==== Records for this task ====
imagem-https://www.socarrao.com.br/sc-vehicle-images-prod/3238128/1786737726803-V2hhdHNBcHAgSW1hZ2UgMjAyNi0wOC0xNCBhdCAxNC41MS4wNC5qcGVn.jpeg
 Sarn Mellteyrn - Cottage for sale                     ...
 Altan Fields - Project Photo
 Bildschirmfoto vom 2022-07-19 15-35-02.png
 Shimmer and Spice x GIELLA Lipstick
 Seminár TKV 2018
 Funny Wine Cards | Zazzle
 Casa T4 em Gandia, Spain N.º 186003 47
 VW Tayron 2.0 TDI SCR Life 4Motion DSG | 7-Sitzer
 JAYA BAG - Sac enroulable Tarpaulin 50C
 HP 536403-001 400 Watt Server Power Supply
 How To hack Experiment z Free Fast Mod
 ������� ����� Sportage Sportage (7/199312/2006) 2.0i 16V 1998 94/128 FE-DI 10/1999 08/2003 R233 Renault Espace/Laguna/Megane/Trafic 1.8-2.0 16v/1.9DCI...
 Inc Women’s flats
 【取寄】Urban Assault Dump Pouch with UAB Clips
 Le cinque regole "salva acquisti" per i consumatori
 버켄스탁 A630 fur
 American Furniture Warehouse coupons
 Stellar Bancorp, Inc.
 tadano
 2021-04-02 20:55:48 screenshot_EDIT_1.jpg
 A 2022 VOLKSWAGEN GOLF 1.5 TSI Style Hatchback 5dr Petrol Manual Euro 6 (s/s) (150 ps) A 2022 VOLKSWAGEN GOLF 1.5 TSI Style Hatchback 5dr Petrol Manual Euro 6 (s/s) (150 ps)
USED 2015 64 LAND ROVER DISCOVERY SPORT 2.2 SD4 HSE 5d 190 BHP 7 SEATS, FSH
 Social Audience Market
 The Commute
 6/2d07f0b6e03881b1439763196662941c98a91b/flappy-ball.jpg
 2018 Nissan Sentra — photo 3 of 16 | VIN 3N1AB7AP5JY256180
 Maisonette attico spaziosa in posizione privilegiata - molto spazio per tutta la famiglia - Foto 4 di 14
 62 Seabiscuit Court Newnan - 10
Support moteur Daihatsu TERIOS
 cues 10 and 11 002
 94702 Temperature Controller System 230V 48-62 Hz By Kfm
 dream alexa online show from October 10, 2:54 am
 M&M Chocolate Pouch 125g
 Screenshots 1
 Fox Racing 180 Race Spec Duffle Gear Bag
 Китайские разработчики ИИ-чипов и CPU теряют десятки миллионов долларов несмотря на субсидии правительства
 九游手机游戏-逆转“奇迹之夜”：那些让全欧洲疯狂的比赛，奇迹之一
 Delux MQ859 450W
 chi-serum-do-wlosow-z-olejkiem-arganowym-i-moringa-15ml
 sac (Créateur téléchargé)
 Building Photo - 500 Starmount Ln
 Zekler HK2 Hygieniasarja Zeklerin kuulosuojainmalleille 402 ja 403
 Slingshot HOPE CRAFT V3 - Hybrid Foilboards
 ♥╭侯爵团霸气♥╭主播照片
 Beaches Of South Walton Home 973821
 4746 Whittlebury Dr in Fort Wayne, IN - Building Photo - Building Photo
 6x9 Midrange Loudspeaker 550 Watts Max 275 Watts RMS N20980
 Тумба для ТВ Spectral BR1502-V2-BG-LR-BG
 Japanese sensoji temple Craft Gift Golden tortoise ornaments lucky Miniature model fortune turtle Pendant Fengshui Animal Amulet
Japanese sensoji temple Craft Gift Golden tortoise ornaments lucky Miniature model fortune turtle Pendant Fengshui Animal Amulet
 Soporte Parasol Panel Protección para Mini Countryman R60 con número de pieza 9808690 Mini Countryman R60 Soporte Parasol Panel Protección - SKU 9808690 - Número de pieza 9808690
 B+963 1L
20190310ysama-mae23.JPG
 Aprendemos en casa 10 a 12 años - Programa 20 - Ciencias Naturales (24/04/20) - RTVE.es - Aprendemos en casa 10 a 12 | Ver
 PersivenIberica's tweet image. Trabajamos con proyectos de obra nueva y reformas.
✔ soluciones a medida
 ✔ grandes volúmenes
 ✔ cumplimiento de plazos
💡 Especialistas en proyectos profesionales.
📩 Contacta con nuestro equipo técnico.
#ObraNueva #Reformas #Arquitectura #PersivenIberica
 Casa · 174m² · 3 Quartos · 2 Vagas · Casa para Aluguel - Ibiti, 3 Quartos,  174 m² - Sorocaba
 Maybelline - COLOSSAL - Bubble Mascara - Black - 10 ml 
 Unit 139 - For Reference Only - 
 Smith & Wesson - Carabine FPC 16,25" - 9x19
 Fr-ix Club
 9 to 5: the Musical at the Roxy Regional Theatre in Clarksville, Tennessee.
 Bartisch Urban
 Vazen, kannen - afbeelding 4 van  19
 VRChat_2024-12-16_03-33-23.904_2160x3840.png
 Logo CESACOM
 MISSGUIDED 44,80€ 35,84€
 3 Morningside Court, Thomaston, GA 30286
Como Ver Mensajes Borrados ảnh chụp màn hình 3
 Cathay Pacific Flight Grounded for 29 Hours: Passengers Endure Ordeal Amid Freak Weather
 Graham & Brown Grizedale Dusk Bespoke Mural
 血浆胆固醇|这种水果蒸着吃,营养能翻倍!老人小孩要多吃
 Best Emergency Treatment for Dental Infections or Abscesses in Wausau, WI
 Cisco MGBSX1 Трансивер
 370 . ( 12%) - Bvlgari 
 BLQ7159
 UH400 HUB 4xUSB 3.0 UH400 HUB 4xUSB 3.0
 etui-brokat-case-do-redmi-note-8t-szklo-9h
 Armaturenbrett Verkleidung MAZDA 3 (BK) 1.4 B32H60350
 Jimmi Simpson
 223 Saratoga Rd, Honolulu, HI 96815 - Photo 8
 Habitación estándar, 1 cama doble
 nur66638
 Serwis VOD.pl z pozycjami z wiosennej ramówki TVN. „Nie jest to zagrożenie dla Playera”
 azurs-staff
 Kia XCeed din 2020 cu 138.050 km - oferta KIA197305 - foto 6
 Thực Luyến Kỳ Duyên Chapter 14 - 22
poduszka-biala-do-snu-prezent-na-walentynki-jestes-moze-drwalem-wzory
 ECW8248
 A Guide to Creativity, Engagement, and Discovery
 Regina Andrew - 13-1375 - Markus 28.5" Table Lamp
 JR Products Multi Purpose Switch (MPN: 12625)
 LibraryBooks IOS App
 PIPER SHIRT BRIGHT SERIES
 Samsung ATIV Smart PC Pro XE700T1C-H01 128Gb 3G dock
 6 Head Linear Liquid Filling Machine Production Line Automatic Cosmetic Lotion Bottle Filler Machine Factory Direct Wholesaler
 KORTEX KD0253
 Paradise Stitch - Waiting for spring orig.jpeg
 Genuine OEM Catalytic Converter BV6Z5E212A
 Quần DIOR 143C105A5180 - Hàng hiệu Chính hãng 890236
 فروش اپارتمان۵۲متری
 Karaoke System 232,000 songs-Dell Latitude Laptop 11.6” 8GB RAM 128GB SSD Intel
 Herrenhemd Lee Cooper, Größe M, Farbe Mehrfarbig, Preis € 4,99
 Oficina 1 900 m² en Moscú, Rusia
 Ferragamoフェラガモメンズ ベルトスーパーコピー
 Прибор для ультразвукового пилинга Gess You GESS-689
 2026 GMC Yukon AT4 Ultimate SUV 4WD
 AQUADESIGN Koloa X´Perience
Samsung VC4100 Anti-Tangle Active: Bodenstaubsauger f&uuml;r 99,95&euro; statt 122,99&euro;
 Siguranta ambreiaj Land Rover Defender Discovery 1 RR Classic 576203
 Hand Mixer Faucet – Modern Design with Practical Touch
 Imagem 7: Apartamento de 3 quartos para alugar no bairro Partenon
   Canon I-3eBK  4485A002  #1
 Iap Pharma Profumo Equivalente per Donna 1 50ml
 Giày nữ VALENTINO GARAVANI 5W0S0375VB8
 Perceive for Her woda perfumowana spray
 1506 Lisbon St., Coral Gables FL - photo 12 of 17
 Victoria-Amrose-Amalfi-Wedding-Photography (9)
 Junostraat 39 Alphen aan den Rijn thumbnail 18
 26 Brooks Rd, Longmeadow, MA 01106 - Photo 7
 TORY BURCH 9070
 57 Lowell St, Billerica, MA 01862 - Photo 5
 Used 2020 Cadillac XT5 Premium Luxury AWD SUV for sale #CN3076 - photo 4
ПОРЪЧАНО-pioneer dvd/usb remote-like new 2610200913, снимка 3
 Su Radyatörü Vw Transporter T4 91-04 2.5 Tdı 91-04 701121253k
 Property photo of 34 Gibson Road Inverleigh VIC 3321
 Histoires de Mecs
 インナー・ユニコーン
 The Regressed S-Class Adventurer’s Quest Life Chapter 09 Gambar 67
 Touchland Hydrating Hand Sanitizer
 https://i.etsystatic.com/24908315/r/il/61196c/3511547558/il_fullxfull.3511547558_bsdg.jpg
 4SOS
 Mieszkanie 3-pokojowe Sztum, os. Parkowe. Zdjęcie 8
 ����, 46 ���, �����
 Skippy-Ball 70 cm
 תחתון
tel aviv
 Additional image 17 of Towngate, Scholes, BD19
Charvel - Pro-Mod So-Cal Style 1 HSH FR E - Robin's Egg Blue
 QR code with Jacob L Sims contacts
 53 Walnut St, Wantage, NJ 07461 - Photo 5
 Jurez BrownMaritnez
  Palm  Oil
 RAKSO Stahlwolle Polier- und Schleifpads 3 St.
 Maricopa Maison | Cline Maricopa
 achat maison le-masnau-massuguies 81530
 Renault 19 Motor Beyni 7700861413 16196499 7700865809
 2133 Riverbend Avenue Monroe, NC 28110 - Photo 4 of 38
====
**Exercise description**: Set down precisely the lines above between the line holding "6x9 Midrange Loudspeaker" and the line holding "Aprendemos en casa 10 a 12 años", inclusive, and nothing beyond them.

**Exercise response**:
 6x9 Midrange Loudspeaker 550 Watts Max 275 Watts RMS N20980
 Тумба для ТВ Spectral BR1502-V2-BG-LR-BG
 Japanese sensoji temple Craft Gift Golden tortoise ornaments lucky Miniature model fortune turtle Pendant Fengshui Animal Amulet
Japanese sensoji temple Craft Gift Golden tortoise ornaments lucky Miniature model fortune turtle Pendant Fengshui Animal Amulet
 Soporte Parasol Panel Protección para Mini Countryman R60 con número de pieza 9808690 Mini Countryman R60 Soporte Parasol Panel Protección - SKU 9808690 - Número de pieza 9808690
 B+963 1L
20190310ysama-mae23.JPG
 Aprendemos en casa 10 a 12 años - Programa 20 - Ciencias Naturales (24/04/20) - RTVE.es - Aprendemos en casa 10 a 12 | Ver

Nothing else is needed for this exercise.